Why should we not regard the Roberts Court’s Trump-serving declarations as anything more than the exercises of raw, partisan political power by operatives in black robes?
Reining in the pardon power may seem like a long shot, but why not make the case for reforming it along with everything else that needs reform to help make our democracy actually work for We the People of the 21st century?

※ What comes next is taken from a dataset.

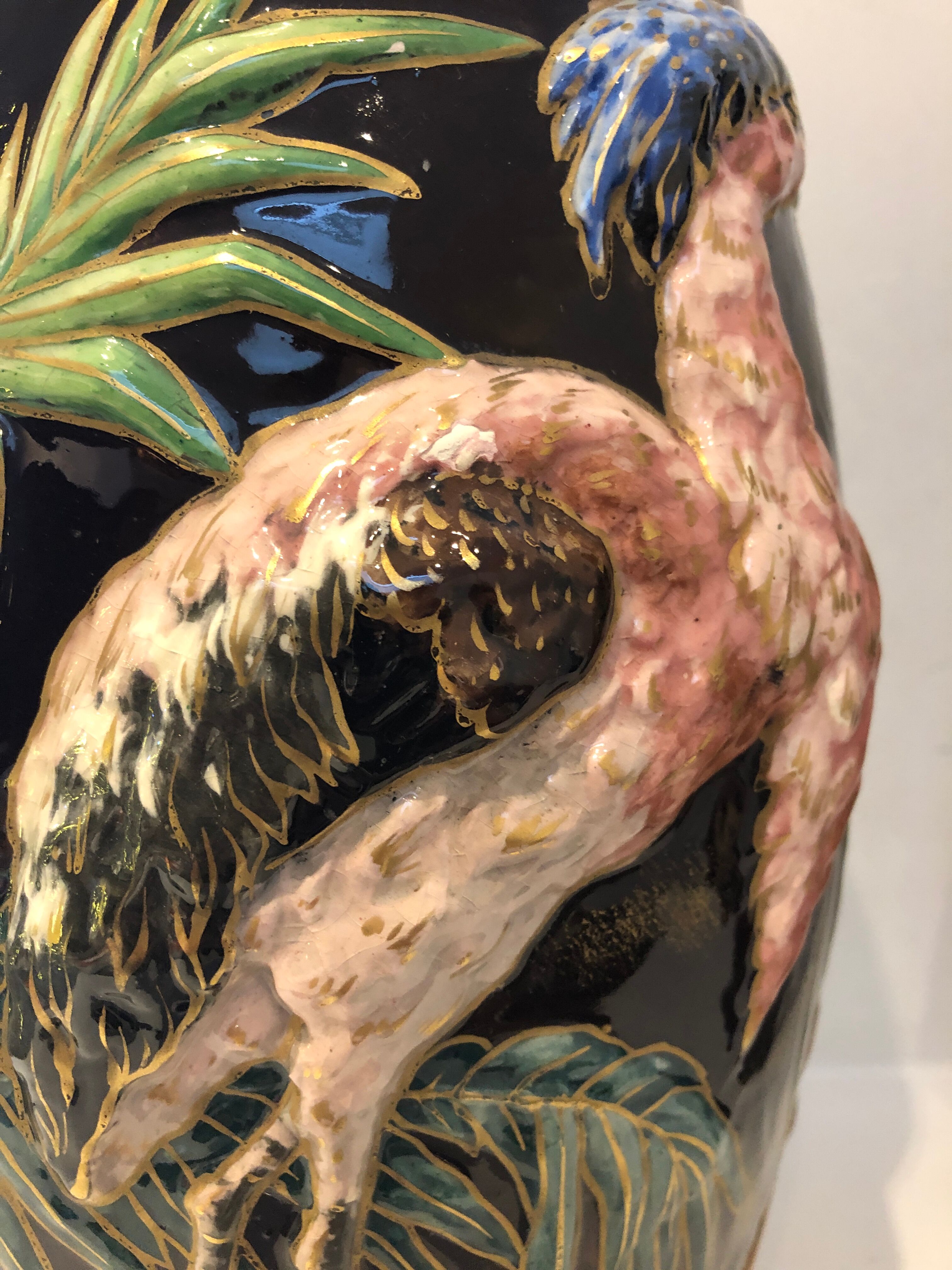 Paire de vases "Aux Hérons" Barbotine Longchamp, début 20ème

We should be questioning the old assumptions, too – thinking broadly and dreaming boldly about what needs to change for our society to thrive, and not just the billionaires backing Trump or currying his favor. To really make America great, we cannot be afraid to call out corruption, including the corruption and mayhem of the pardons under Trump, along with any other prior misuses of that power, so it can never be so abused again.
What I’m Reading:
The transcript of the You Might Be Right podcast “Has Pardon Power Gone Too Far?”

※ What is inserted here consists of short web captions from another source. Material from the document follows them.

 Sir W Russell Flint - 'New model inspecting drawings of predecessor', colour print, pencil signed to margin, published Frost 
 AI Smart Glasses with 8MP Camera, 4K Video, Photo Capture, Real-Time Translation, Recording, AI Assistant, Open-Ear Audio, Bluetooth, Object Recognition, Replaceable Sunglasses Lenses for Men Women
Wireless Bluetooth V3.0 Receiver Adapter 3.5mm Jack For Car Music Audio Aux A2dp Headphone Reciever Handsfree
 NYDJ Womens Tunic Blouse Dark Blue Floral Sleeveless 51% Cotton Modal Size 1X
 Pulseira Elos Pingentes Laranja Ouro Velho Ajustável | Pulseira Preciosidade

You can also listen to the episode where former Governors Phil Bredesen and Bill Haslam discuss pardons with Steve Vladeck and Mike Nelson, including potential reforms.
The chapter on presidential power in my new book, Without Precedent: How Chief Justice Roberts and His Accomplices Rewrote the Constitution and Dismantled Our Rights.
My publisher, Bold Type Books, is offering a holiday discount of 20% off on my book. I guarantee you will learn something new in every chapter!
And, of course, the Constitution.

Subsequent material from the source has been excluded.